Tuesday, November 27, 2007
So another deal development stuffed into the Wednesday Thanksgiving dump occurred with Affiliated Computer Services. Last Wednesday, ACS announced the resignation of its independent directors and their replacement with a new set of independent directors endorsed by Darwin Deason, the controlling shareholder of ACS. In connection with this appointment, the newly resigned directors agreed to dismiss without prejudice their lawsuit against ACS & Deason et al. arising out of the failed buy-out proposal made by Cerberus. For full details of this litigation and the events leading it up to it see my post ACS: The Legal Analysis.
This is a big disappointment. I would have hoped that the old independent directors would have stood up to Deason and investigated the alleged breaches of fiduciary duty by him and the other officers of ACS arising out of the ACS failed sale process. Instead, they appear to have decided to simply walk away from their positions with the likely understanding that ACS would pay their fees and expenses and otherwise let them go without their own alleged suit (although in all fairness to ACS if there was such a written understanding it would be required to be disclosed on Form 8-K and no such understanding has been). Moreover, the new directors whom the old directors now agree are independent take their positions at a company where Deason has contractual arrangements providing him almost full control over its operations down to his ability to approve the expense reimbursements of the CEO. One would have hoped that the price for serving demanded by these independent directors would have been a new arrangement which provided them normal control over the company. In the end, this will all be left to the plaintiffs lawyers -- I have not read their complaints but I do hope one of them challenges the validity of Deason's contractual and By-law powers under Delaware Law (see my post here on this).

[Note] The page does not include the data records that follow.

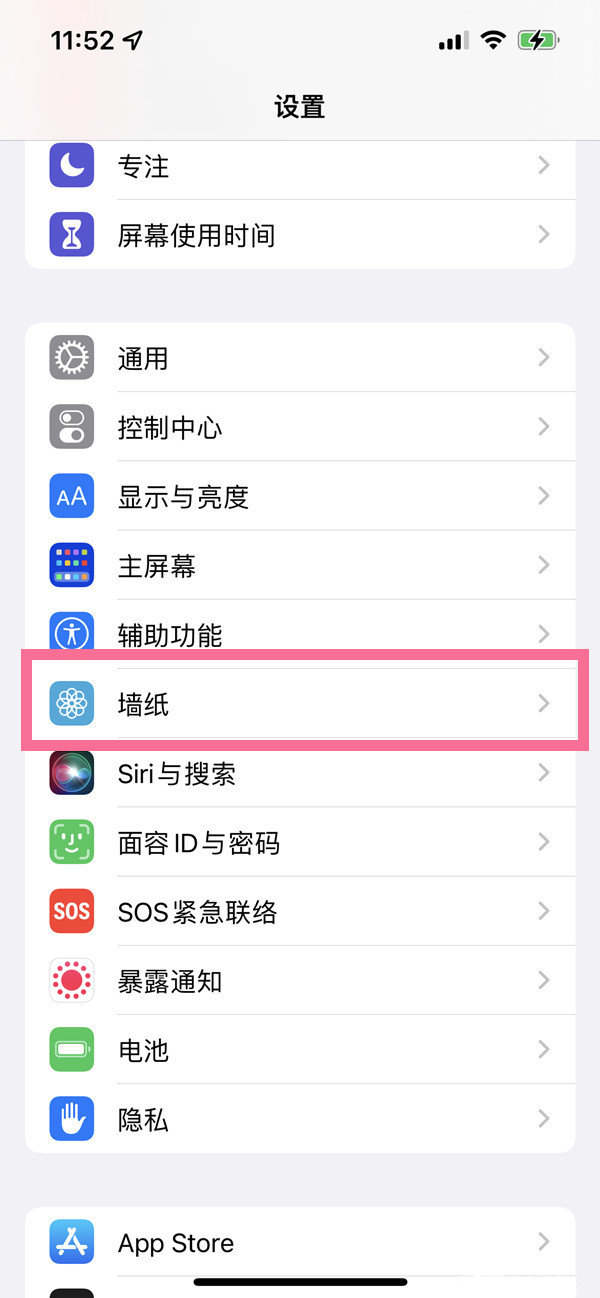 ios16锁屏壁纸和桌面壁纸如何分开设置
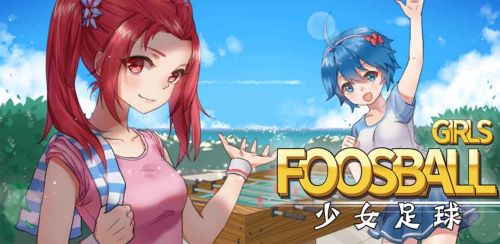 少女足球-Girls Foosball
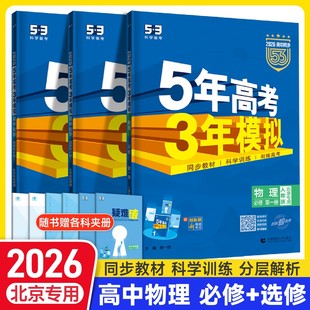 北京专用2026版五年高考三年模拟高中物理必修第一二三册人教高一二上下册物理选择性必修1235年高考3年模拟53高中物理同步练习册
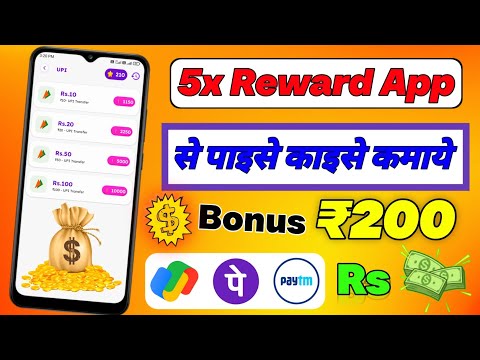 5x Reward App Se Paise Kaise Kamaye || 5x Reward Earning App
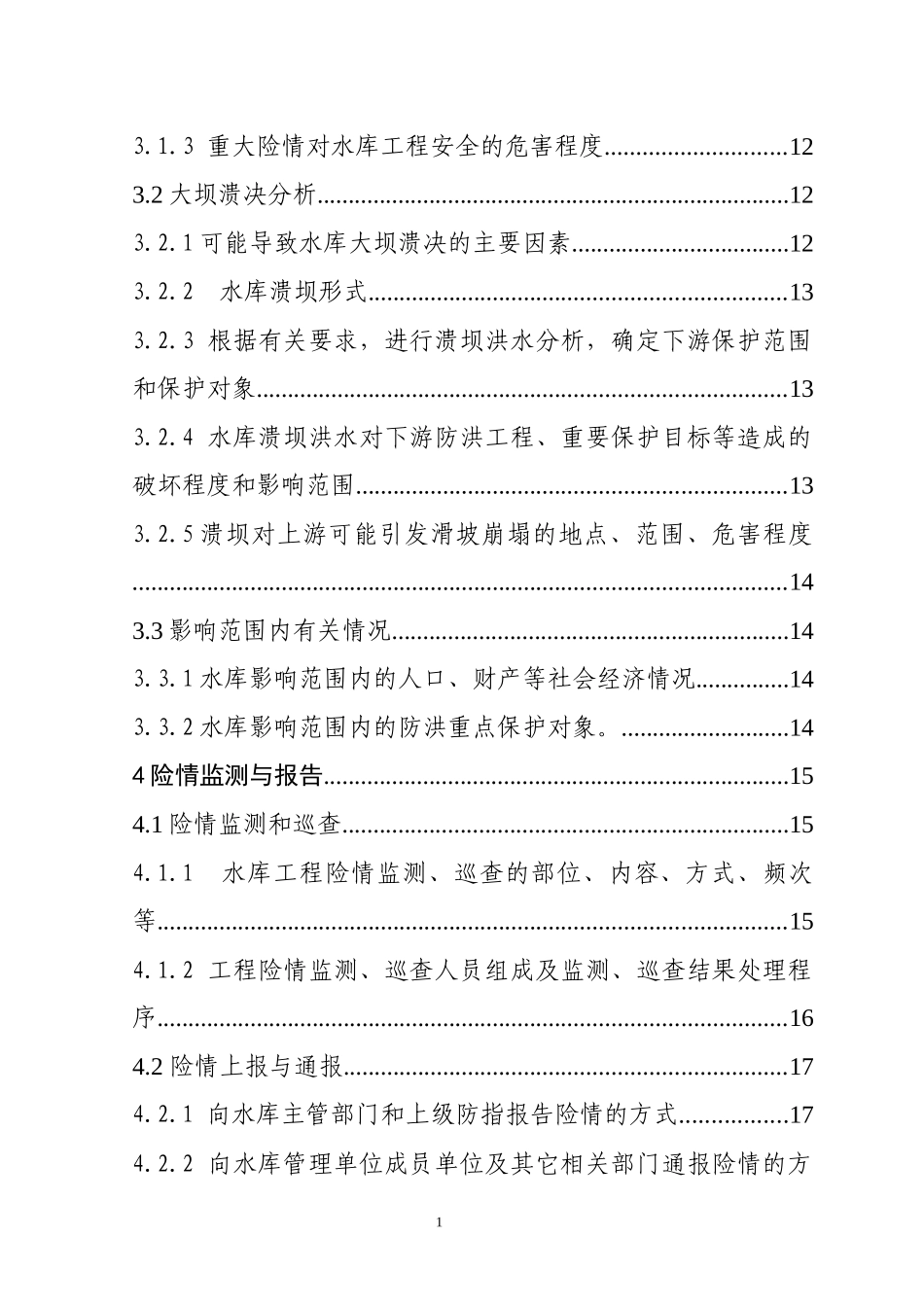 某水库大坝安全管理应急预案_第2页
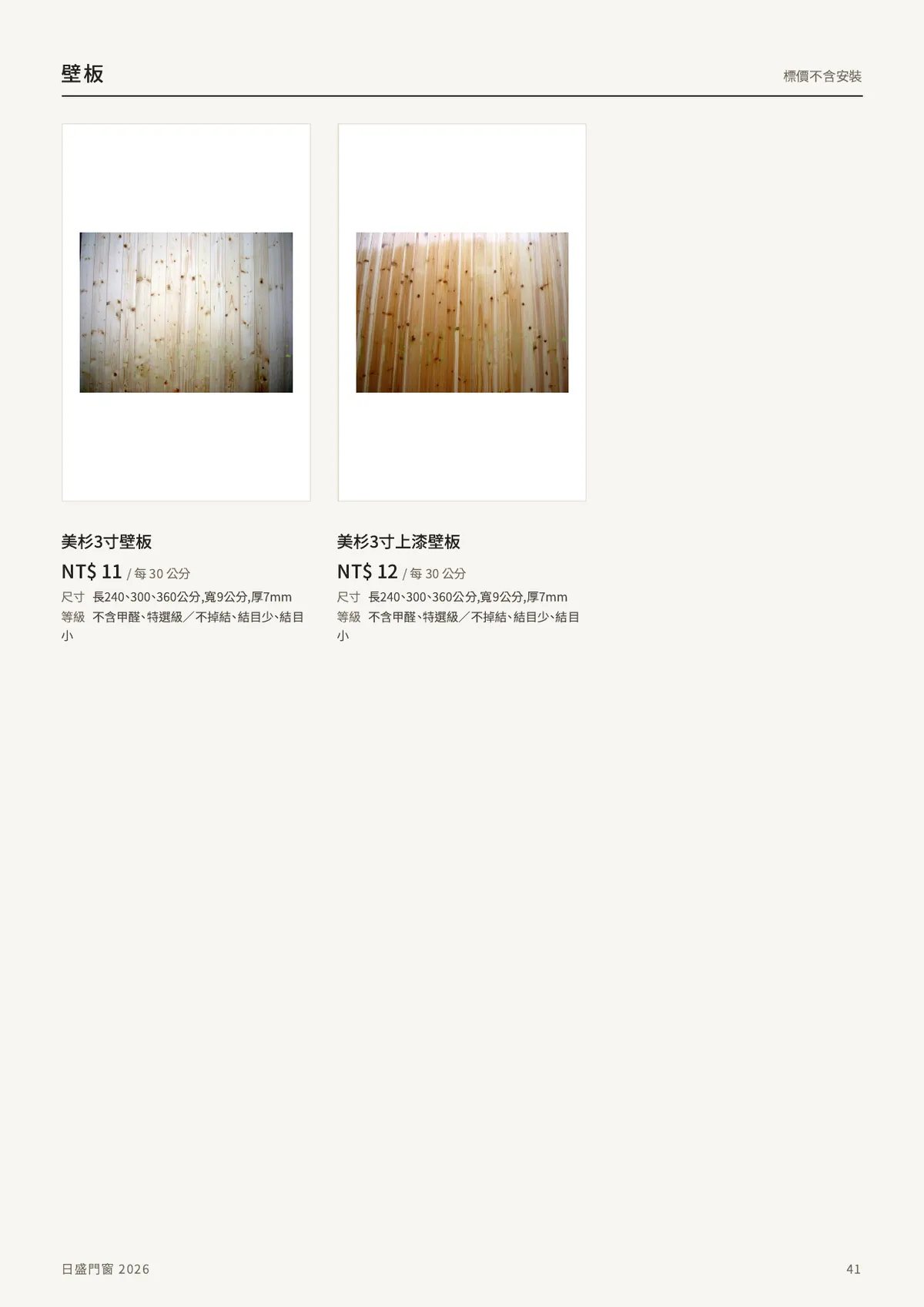 壁板:美杉3寸壁板、美杉3寸上漆壁板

But the M&A deal here was still to come. That same day, ACS also announced that "the Board of Directors has endorsed a proposed $1 billion share repurchase program and has authorized the company to purchase up to $200 million of the company's Class A Common Stock, effective immediately, under this program." In connection with this announcement, Deason agreed to suspend his contemplated purchase of "an additional one million shares of the company's Class A common stock." The company stated that he did so because of affiliate repurchase restrictions. Isn't that nice of him?

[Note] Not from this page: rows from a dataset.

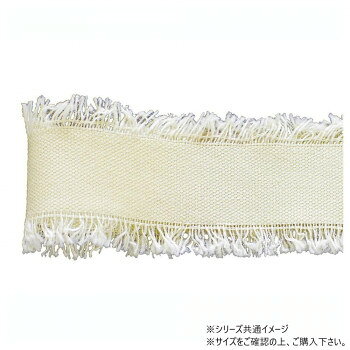 　ギフト対応について　楽天国際配送対象店舗 （海外配送）　Rakuten International Shipping【メール便(定形外郵便)の配送について】※こちらの商品は、[メール便(定形外郵便)]での発送となります。※他商品との同梱された場合は、[宅配便]での発送となり通常の送料が掛かります。※[他商品との同梱][代金引換][配達日時指定]でのご注文をお受けできません。※原則ポスト投函となります。通常の[宅配便]と違い配達までのお時間が掛かる場合があります。&nbsp;青山 リボン モールフリンジ 36mm×10m 453-208モールフリンジ【青山 リボン モールフリンジ 36mm×10m 453-208】 fk094igrjs モールフリンジです。サイズ幅:36mm、長さ:10m個装サイズ：5×15×15cm重量個装重量：50g素材・材質コットン生産国日本 製品詳細 商品名：青山　リボン モールフリンジ 36mm×10m 453-208カラー・サイズ名称：2328482JANコード：4962616517685 広告文責 (有)イースクエアTEL:0120-532-772 ※お客さま都合による、ご注文後の[キャンセル][変更][返品][交換]はお受けできませんのでご注意下さいませ。※当店では、すべての商品で在庫を持っておりません。記載の納期を必ずご確認ください。※ご注文いただいた場合でもメーカーの[在庫切れ][欠品][廃盤]などの理由で、[記載の納期より発送が遅れる][発送できない]場合がございます。その際は、当店よりご連絡させていただきます。あらかじめご了承ください。【メール便(定形外郵便)の配送について】※こちらの商品は、[メール便(定形外郵便)]での発送となります。※他商品との同梱された場合は、[宅配便]での発送となり通常の送料が掛かります。※[他商品との同梱][代金引換][配達日時指定]でのご注文をお受けできません。※原則ポスト投函となります。通常の[宅配便]と違い配達までのお時間が掛かる場合があります。 こちらの商品は【お取り寄せ(14営業日以内に発送予定)】となります。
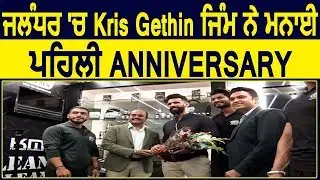 Jalandhar में Kris Gethin Gym  ने मनाई First Anniversary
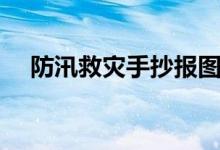 防汛救災(zāi)手抄報圖片（防汛救災(zāi)手抄報）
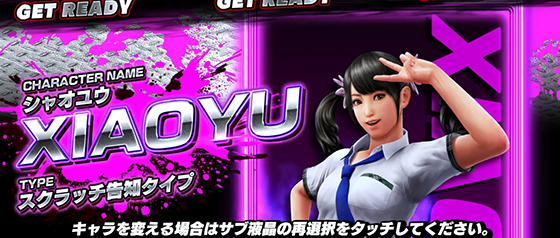 スクラッチ告知選択画面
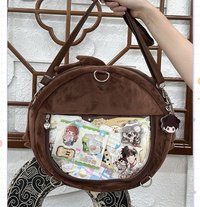毛茸茸痛包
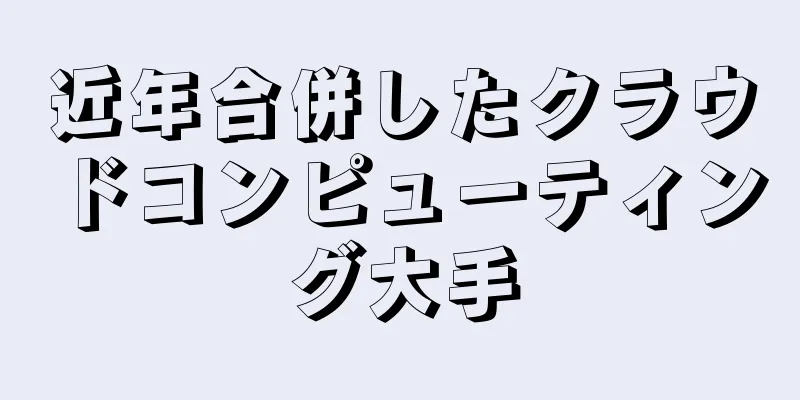 近年合併したクラウドコンピューティング大手
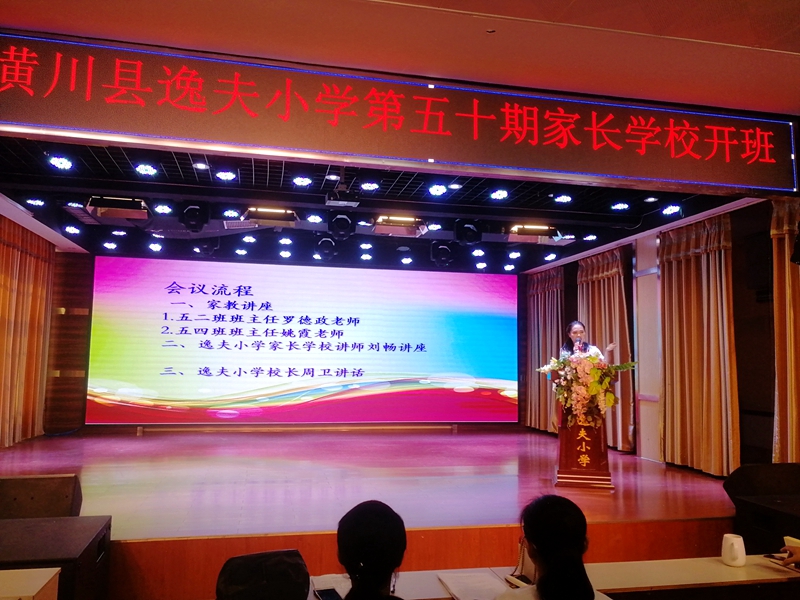 1第50期家长学校开班.jpg 1第50期家长学校开班.jpg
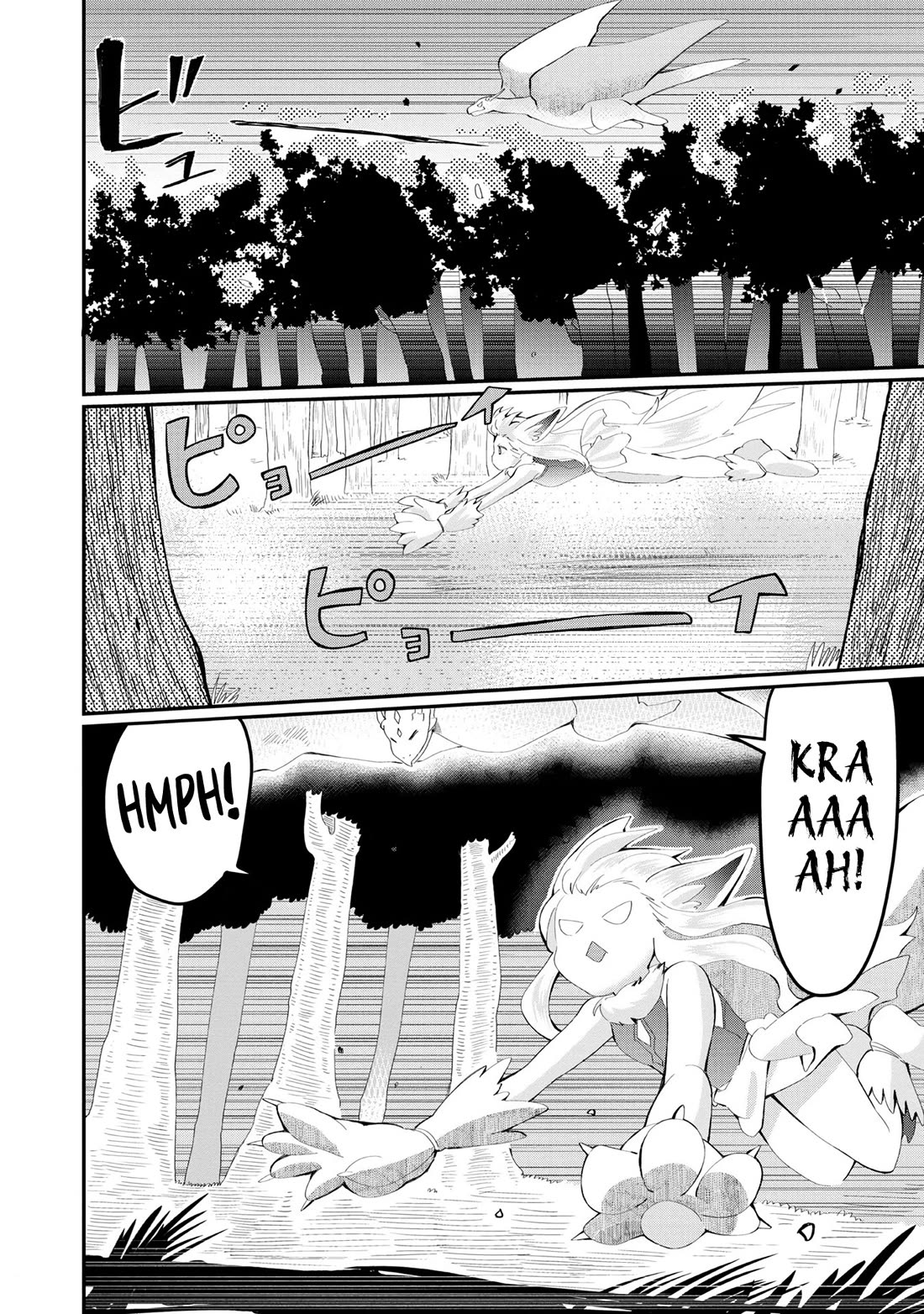 Imiko to Yobareta Shoukanshi Chapter 24 - Page 14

But why wouldn't he suspend his purchases? My calculations find that if this program is fully implemented it will raise Deason's voting control over the company above the magic 50% number. According to ACS's last proxy, Deason controls 41.59% of the company votes. At the company's current share price of approx. $41.50 a share, the full billion dollar repurchase would retire approx. 24 million Class A shares and raise Deason's holdings of Class A shares from roughly 2.8% to 3.8% of the outstanding total class A shares (based on the proxy statement's figures of 92,530,441 shares of Class A common stock and 68,434,055 Class A shares outstanding after the full buy-back). Not such a big rise.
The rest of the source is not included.